Topic: Carbon Nanotube Electronics - Extending Moore’s Law to the End and Beyond the Roadmap
Speaker: Prof. Lianmao, Peng, Peking University
Time: 3:00 p.m., November 7, 2014
Venue: Conference Room on the 1st Floor, Building B5, SCUT South Campus
Sponsor: School of Materials Science and Engineering
Abstract:
Among the candidate channel materials for the next generation electronic devices, semiconducting carbon nanotube (CNT) is unique in that it has no dangling bonds but has perfect Ohmic contacts to both the conduction and valence bands of the CNT. This is extremely important, since it provides the required chemical and mechanical stability of the devices, and renders both n-type and p-type FETs with performance close to ballistic limit available for CNT CMOS. CNT also has high carrier mobility and high saturation velocities, allowing high performance in long channel device where the transport is dominated by diffusive transport, and in short channel device where the device speed is determined by the saturation or Fermi velocity. In addition, a semiconducting CNT has a symmetric band structure near the Fermi level that gives identical effective mass for both electron and hole, leading to symmetric CMOS with potentially very low power consumption and compacted circuit layout. The atomic thickness of the CNT conduction channel is also extremely important in that it allows easier control of the channel current, making the scaling of the CNT technology possible down to 5nm transistor technology.

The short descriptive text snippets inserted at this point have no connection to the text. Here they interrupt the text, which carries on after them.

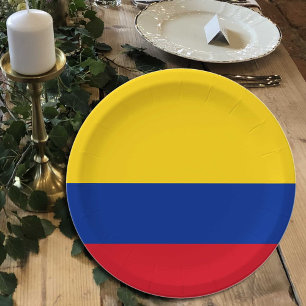 Colombian Flag plates, party, sports, Colombia Paper Plate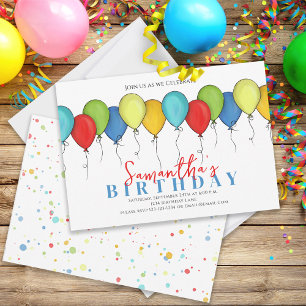 Convites Aniversário Balões Confetti Partido Moderno Festa 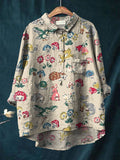 Women's Retro Art Print Casual Cotton And Linen Shirt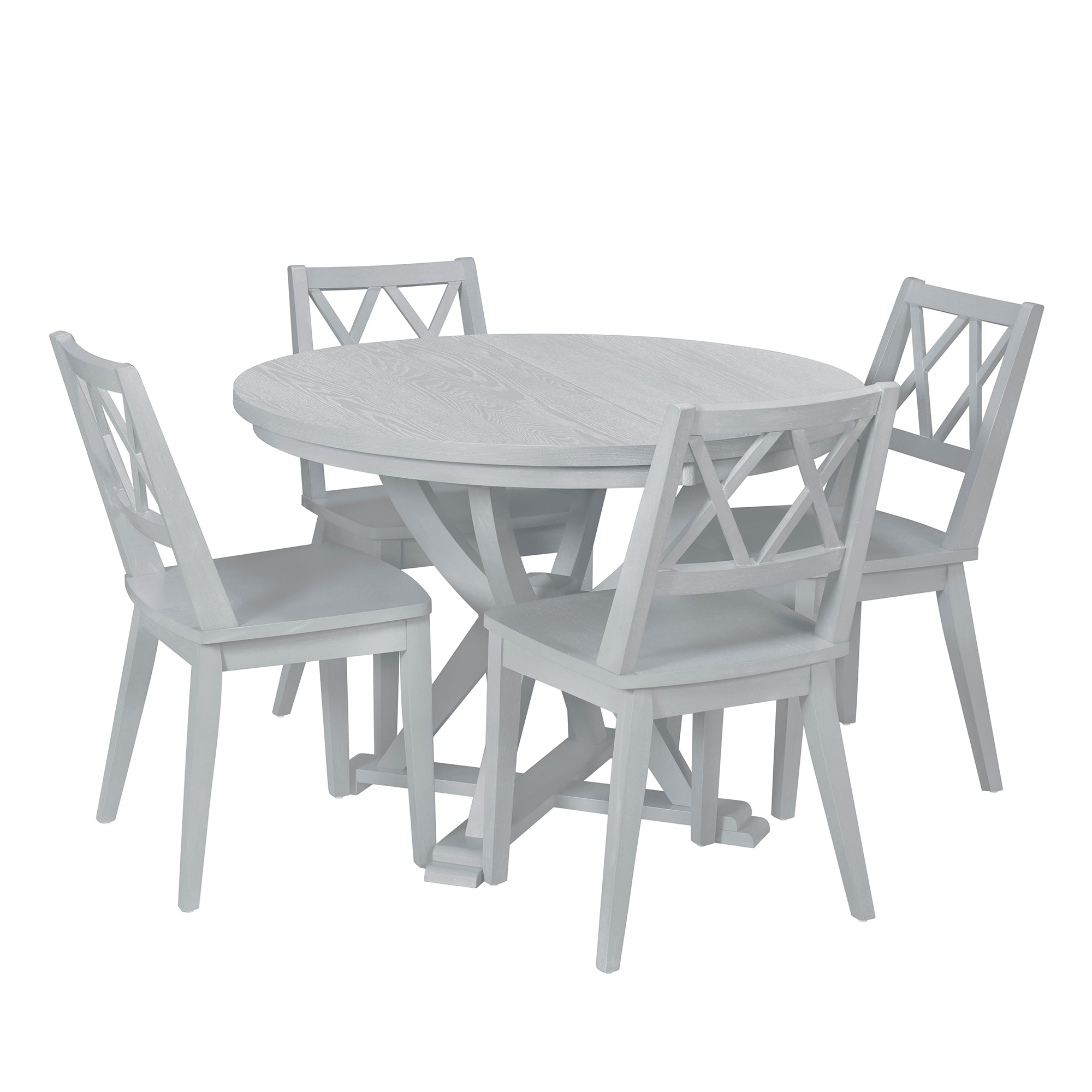 Mid-Century 5-Pc. Dining Set w/Leaf, Grey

High performance CNT CMOS devices can be readily fabricated by a doping-free process using symmetric pairs of n-type (Sc or Y) and p-type (Pd) contacts, with demonstrated performance that compares favorably to the state of the art Si MOS FETs down to the very end of the roadmap. The feasibility of this doping free CMOS technology has been demonstrated by fabricating CMOS circuits, including a full adder and BUS circuits, on a SiO2/Si substrate, demonstrating perfect symmetric device characteristics for the n-type and p-type CNT FETs based on the same single walled CNT. This CNT based CMOS technology only requires the patterning of arrays of parallel semiconducting CNTs with moderately narrow diameter range, e.g. 1.5-2.5nm, instead of the more stringent chirality control on the CNT. This may lead to the integration of CNT based CMOS devices or entire carbon based circuit with increasing complexity and possibly find its way into logic and optoelectronic circuits. Precise control on the threshold voltage of the CNT FET is also possible by using gate metal with suitable work function. This threshold voltage control allows zero threshold voltage CMOS devices be fabricated, and highly efficient circuits be built with pass-transistor-logic (PTL) which is more efficient than CMOS and uses much less numbers of transistors for achieving the same logic function. The doping-free approach and ballistic transport of CNT also allow extremely low power supply be used in CNT circuits, the demonstrated 0.4V is significantly lower than the projected 0.56V for Si circuits around 2026, leading to the possibility of using CNT to extend the MOS FET toward the end of the road map.